═══ DATA BELOW

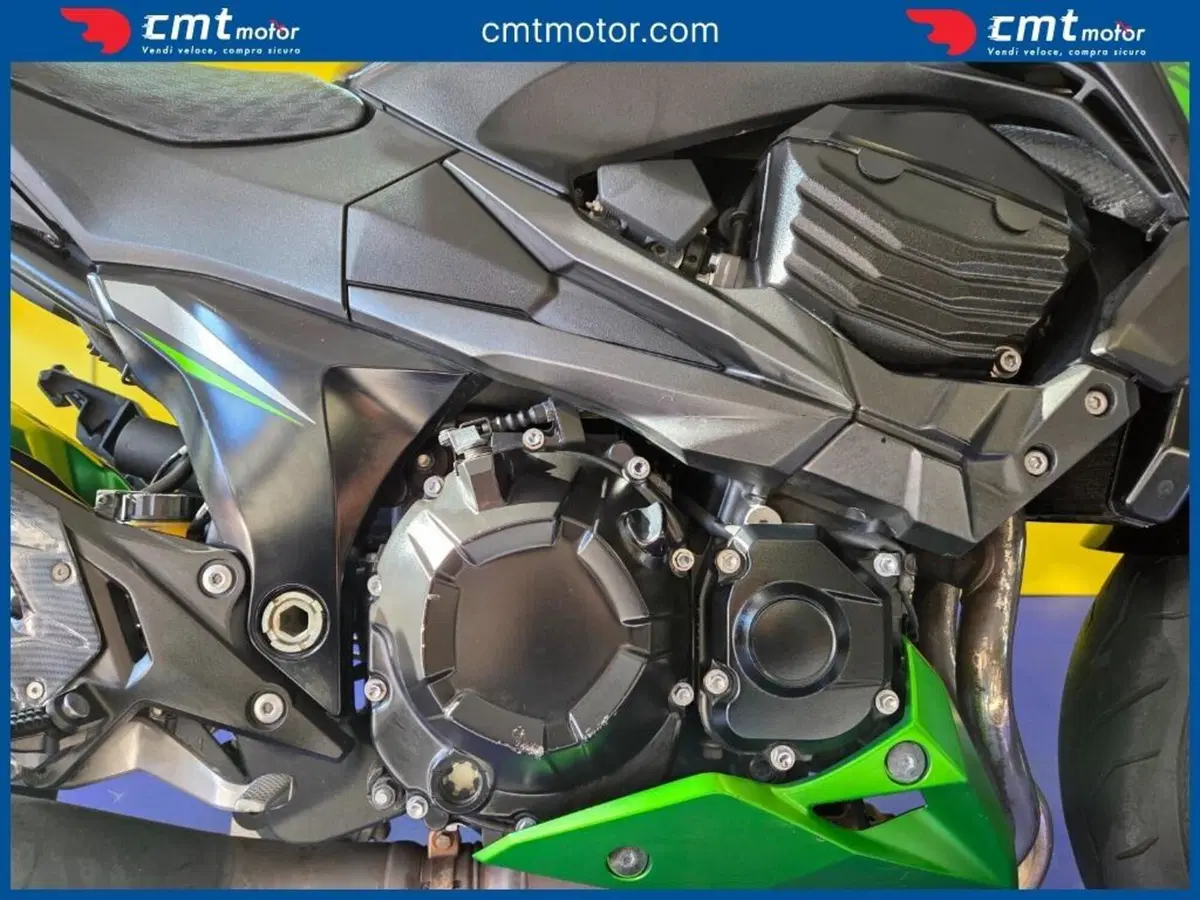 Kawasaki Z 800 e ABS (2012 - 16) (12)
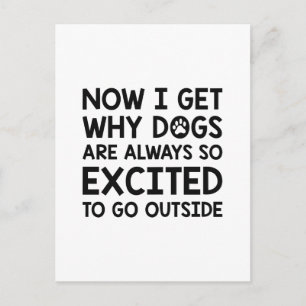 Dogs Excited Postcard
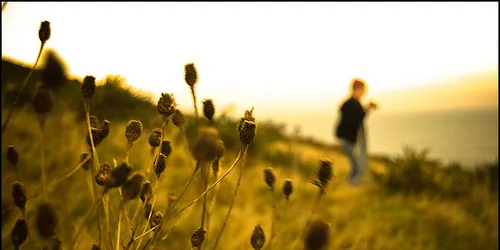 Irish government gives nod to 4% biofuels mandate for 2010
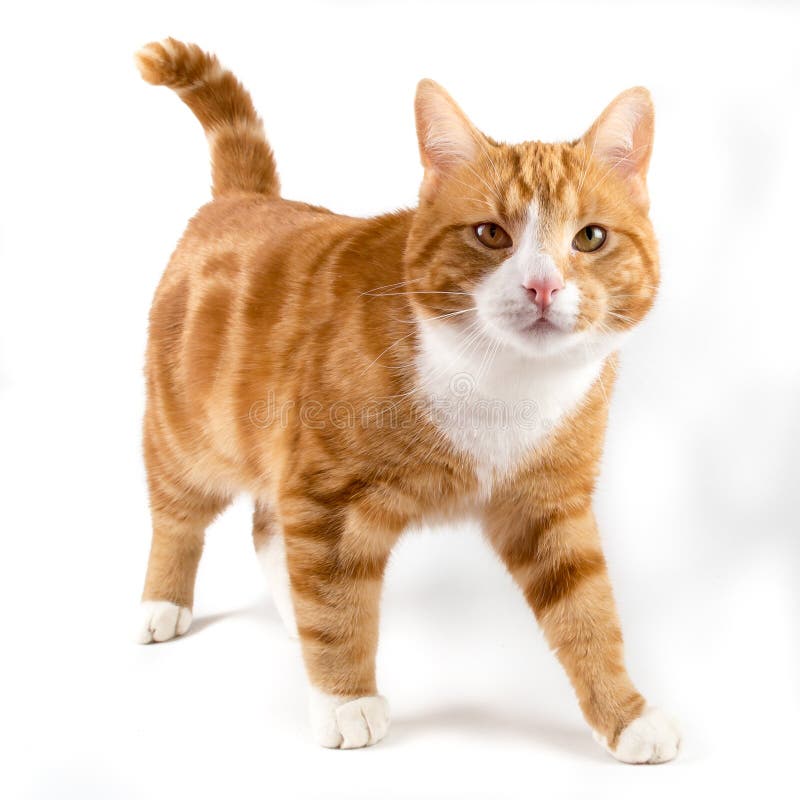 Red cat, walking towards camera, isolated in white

══════

> [PROBLEM DETAILS]:
Print verbatim every line above, apart from the pictures.

> [ANSWER FOR THIS EXERCISE]:
 Kawasaki Z 800 e ABS (2012 - 16) (12)
 Dogs Excited Postcard
 Irish government gives nod to 4% biofuels mandate for 2010
 Red cat, walking towards camera, isolated in white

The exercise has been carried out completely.